The United Kingdom experienced a huge growth in the cotton industry during the Industrial Revolution. The factories that were required to produce cotton became a legacy of the time – Sir Richard Arkwright at Cromford built the world’s first true factory to produce cotton. With an ever increasing population and an ever-expanding British Empire, there was a huge market for cotton and cotton factories became the dominant feature of the Pennines.
The factories also needed a work force and the population in the northern cities provided this, especially as many families had been engaged in the domestic system prior to the industrialisation that occurred in the north. There was therefore a ready supply of skilled weavers and spinners.

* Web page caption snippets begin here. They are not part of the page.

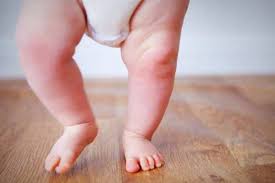 کج گذاشتن پا به سمت داخل در کودکان: علل، تشخیص و درمان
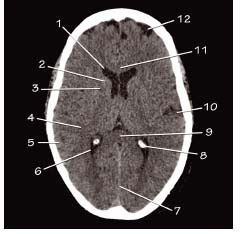 Head CT anatomy | Radiology Key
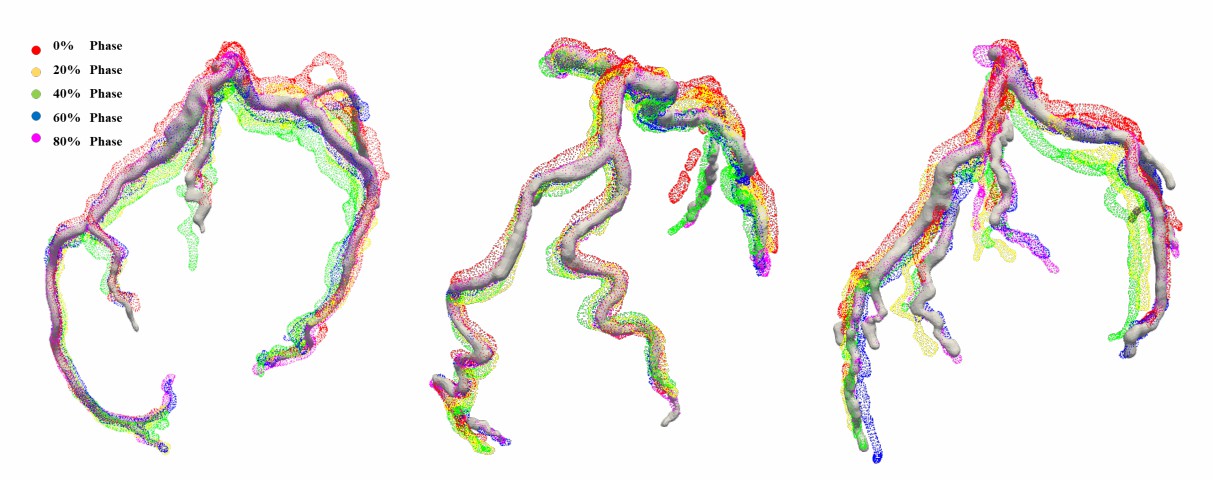 Left ascending coronary artery and left circumflex coronary artery.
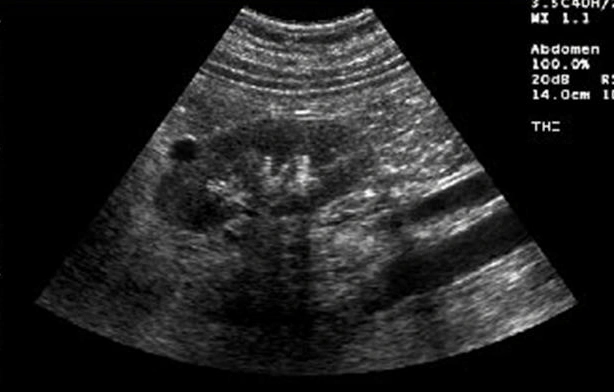 Grayscale ultrasound image of a kidney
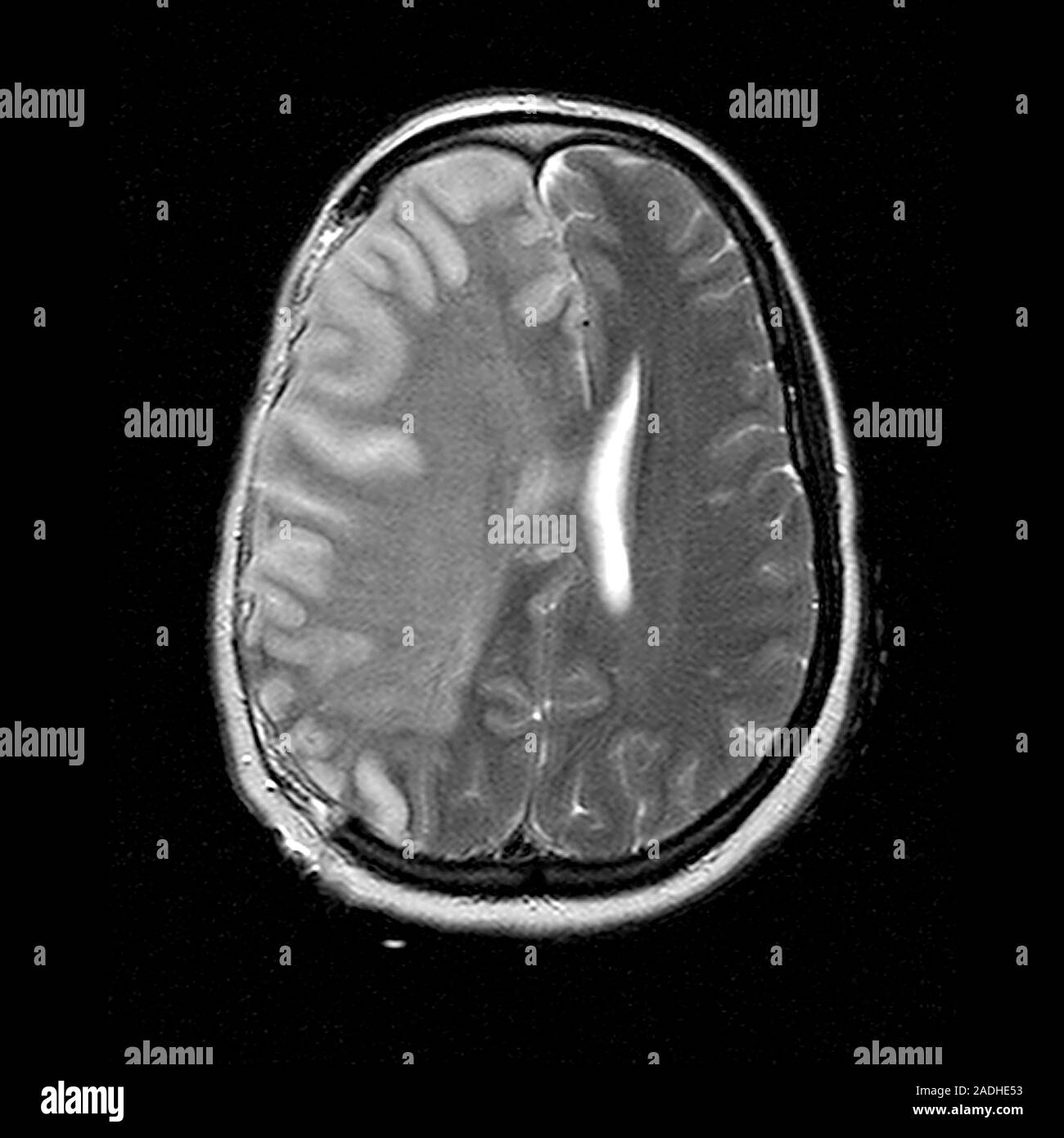 Stroke. Magnetic resonance imaging (MRI) scan of the brain of a 32 year ...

Liverpool, a rapidly expanding port, also provided the region with a means of importing raw cotton from the southern states of America and exporting finished cotton abroad. The internal market was well served with decent transport means, especially when the railways extended from London to the north.
Of great importance to the cotton industry was the repeal in 1774 of a heavy tax that was charged on cotton thread and cloth made in Britain.
Combined with all the above factors were numerous inventions that transformed the British cotton industry and helped to make the UK the ‘workshop of the world’.
In 1765, James Hargreaves invented the ‘Spinning Jenny’. Within twenty years the number of threads one machine could spin rose from six to eighty.
In 1769, Richard Arkwright patented the ‘Water Frame’. This, as its title would suggest, used water as a source of power but it also produced a better thread than the spinning jenny.
In 1779, Crompton’s ‘Mule’ was invented. This combined the good points of the water frame and the spinning jenny and resulted in a machine that could spin a cotton thread better than any other machine.
In the 1800’s the industry witnessed a spread in the use of chemical bleaches and dyes, which meant that bleaching, dyeing and printing could all be done in the same factory.
In 1812, the first decent weaving machine, Robert’s Power Loom, was invented. This meant that all stages in the making of cotton could now be done in one factory.
All these inventions had a major impact in the amount of cotton produced in Great Britain – and the fortune this represented. In 1770, the cotton was worth around £600,000. By 1805, this had grown to £10,500,000 and by 1870, £38,800,000. By comparison, over the same hundred years, wool had increased in value from £7,000,000 to £25,400,000 and silk from £1,000,000 to £8,000,000. In Manchester alone, the number of cotton mills rose dramatically in a very short space of time: from 2 in 1790 to 66 in 1821.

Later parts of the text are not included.